━━━ PROVIDED MATERIAL ━━━

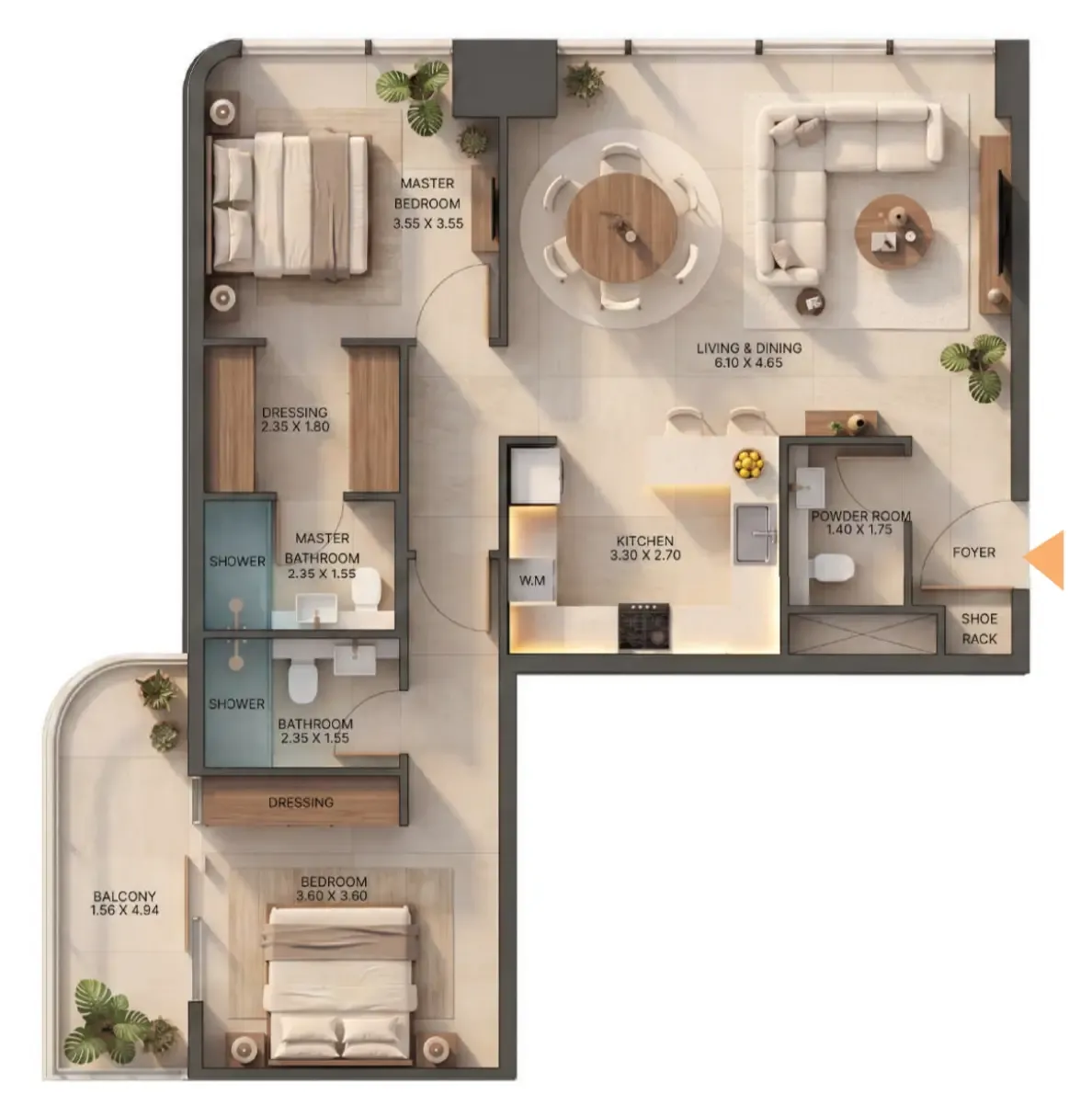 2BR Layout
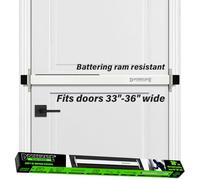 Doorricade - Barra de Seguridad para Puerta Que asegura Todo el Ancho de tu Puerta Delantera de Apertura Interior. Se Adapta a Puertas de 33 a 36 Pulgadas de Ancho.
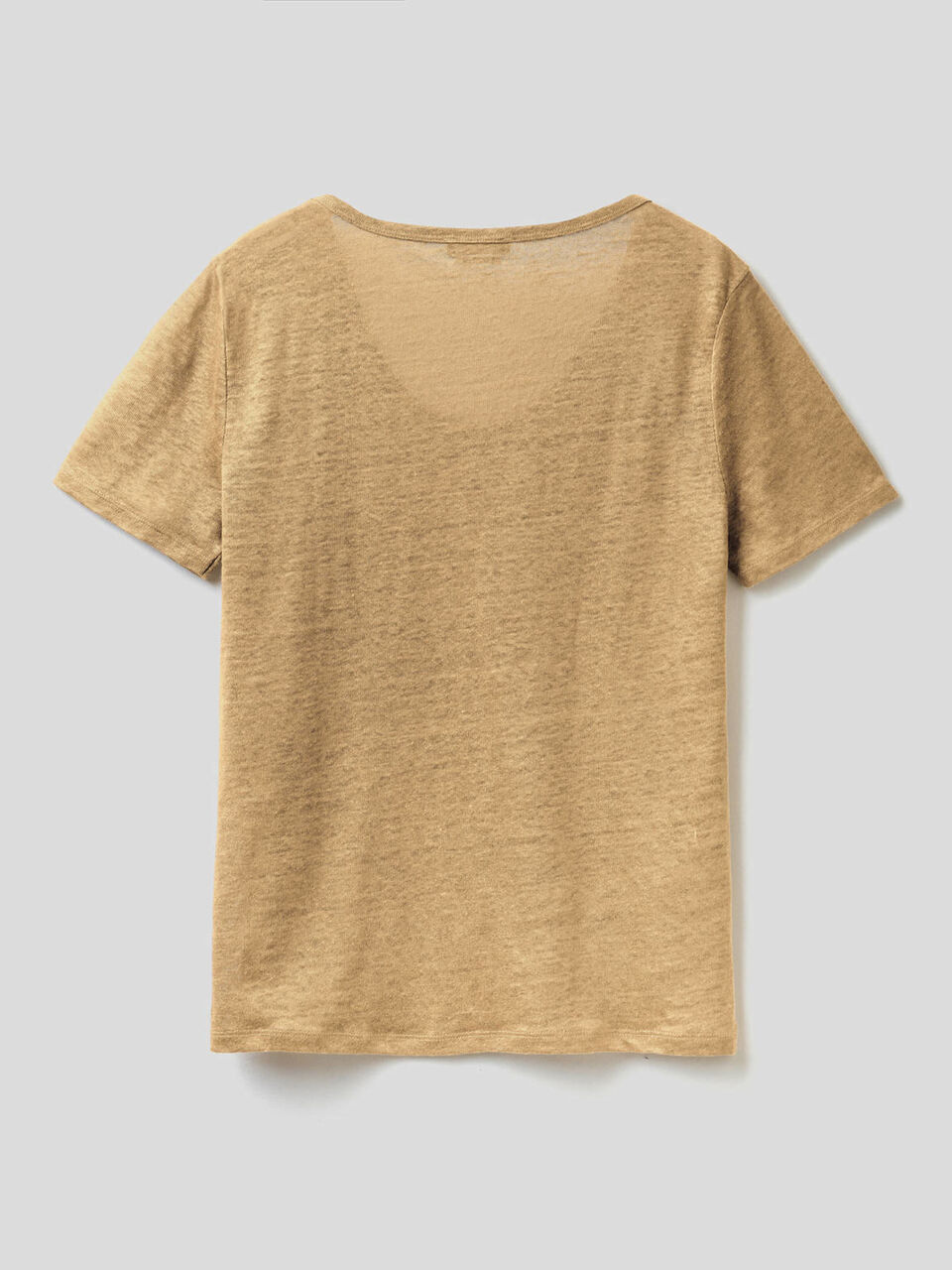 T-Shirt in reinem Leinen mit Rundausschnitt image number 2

━━━

_WORK REQUEST_. Skip the pictures. Please copy exactly the lines from the one with "Doorricade - Barra" through the final line of the material above, both ends included.

_FINAL ANSWER_.
 Doorricade - Barra de Seguridad para Puerta Que asegura Todo el Ancho de tu Puerta Delantera de Apertura Interior. Se Adapta a Puertas de 33 a 36 Pulgadas de Ancho.
 T-Shirt in reinem Leinen mit Rundausschnitt image number 2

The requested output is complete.